At the M-shed museum, the exhibits traveled us to Bristol places and its history, the great naval tradition, and the dark years of slavery. They introduced us to the people of the city and to life here. We were particularly fortunate because the museum at that time hosted the Wildlife Photographer of the Year exhibition, so we enjoyed the 100 award-winning photos of the contest, pictures of incredible beauty of nature and wildlife.
Very close to M-shed, Brunel’s SS Great Britain, the first propelled steel built ship designed by Brunel.The ship that changed the world. Steel began to displace wood in the shipbuilding of large ships, and SS Great Britain was the ancestor of all modern ships. When she was built in 1843, she was the largest luxury cruise liner in the world and could cross the Atlantic in 14 days. She could carry 730 passengers or 1600 soldiers and sailed the world 33 times. Later she carried cargo instead of passengers and survived two hurricanes, while carrying a large weight of coal to San Francisco. In 1970 she returned to her hometown, coupled with a trailer for over 7400 miles from Falkland Islands in Bristol where she remains at the harbor as a museum.

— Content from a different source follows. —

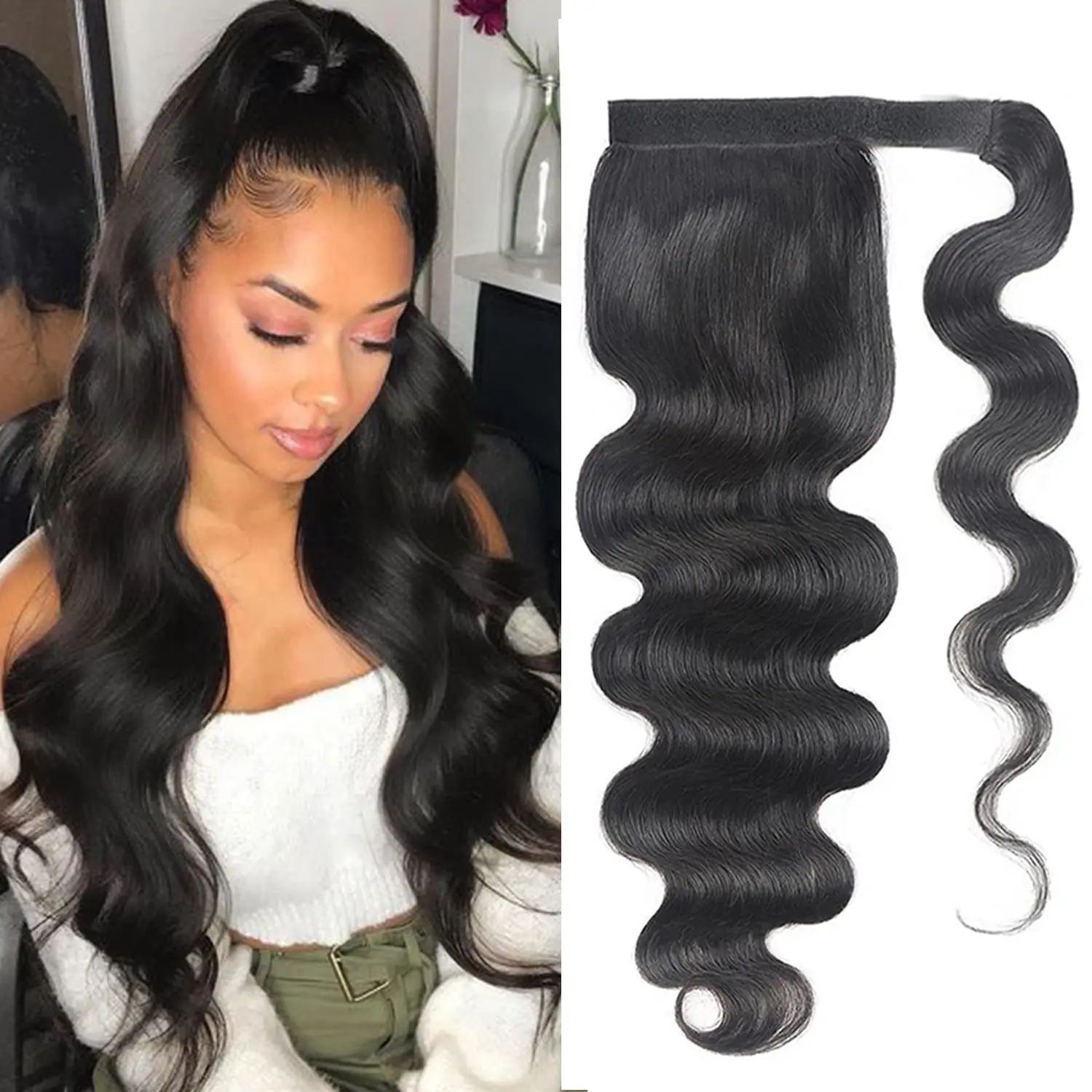 

Brazilian Virgin Body Wave Human Hair Ponytail Magic Tie Long Body Wave Ponytail
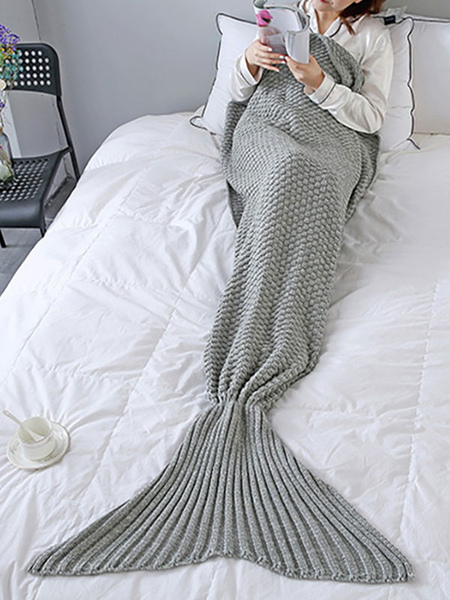 Milanoo Woolen Blanket Cyan Blue Polyester Fish Shape Blanket от Milanoo WW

In the harbor we also came across the replica of ‘Matthew’ ship, which took us back to 1497, when John Cabot, an Italian navigator and explorer, sailed from Bristol an expeditionary mission to North America, under the commission of Henry VII of England. Cabot along with his three children and 18 men crew, were the first European explorers to land on the east coast of the North American mainland. Basically, they were the first after the first Vikings, Leif Erikson and his team, who arrived and settled in Newfoundland around 1000. Furthermore it was a common secret In the harbor that many men had sailed from Bristol before Cabot , looking for Hy-Brasil (where thriving brazilwood a tree from which they could obtain valuable red dye) and according to a Celtic myth, the phantom island were in the Atlantic Ocean west of Ireland.
With lots of sea -and not only- stories, we are back in Aktio, getting down to business, looking after and preparing ‘Spur’ in order to go again down on water!